## Logical Uncertainty

In the past while, I’ve been talking to a friend about logical uncertainty. Specifically, how do we deal with the fact that we’re not logically omniscient? Usually, when $A \rightarrow B$, we have that $P(hB|A) = 1$. But what if we don’t know that $A \rightarrow B$? What if we only have a few hints, some clues, nothing fixed, nothing concrete yet? How do we cope with our limits?

Benja Fallenstein wrote a post that touches upon this. In it, what they did was define a sort of finite “logical universe” with many “impossible possible logical worlds.” The gist of it is that they take a huge finite list of worlds (where a world is a conjunction of sentences) that’s not contradicted by a much huger but still finite list of theorems, and then those are his impossible possible logical worlds. They then distribute probability uniformly over that list and his decision agent does utility maximisation on it.

Based on that post, Manfred wrote a post and then a Sequence where he tried to make this idea somewhat better defined. He tries to model the limited agent as an unlimited agent with limited inferences. That is, an agent that can only do a limited number of logical inferences (which will then obviously have probability $1$ or $0$), and then have a maximum entropy prior over every other logical sentence. And he says that the way he’s built things, we’re violating the desiderata of probability but…

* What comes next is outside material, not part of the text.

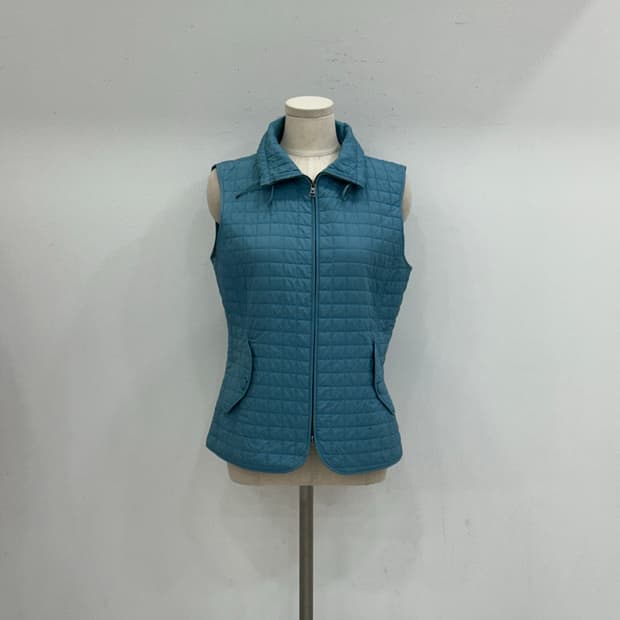 막스마라 위캔드 베스트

We’re not? We’re really, really not. See, there is in fact no desideratum that needs logical omniscience, no step in the proof of Bayes’ Theorem that requires that. In fact, reasoning about logical statements is totally consistent with all of our desiderata!

But we’ll get to that in a bit.

Afterwards, I read Gaifman’s paper about it, and that was much closer to what I think the mark is than before.

Okay, so, the desiderata that are used to derive the probability rules are representing plausibilities by real numbers, “qualitative correspondence with common sense,” and consistency. The first is trivial, the third just means that two different ways of getting a result have to get to the same result, we’ll always use all our information, etc. Now, that common sense desideratum is where most of our proof’s hidden. Throughout the proof, we use that as a catch-all axiom that tells us where to look, and what properties our reasoner should have. Now, in the proof, logical omniscience is actually never used. There are instances where we do use properties like logical implication, but at no point is it really necessary that we know all implications of a thing.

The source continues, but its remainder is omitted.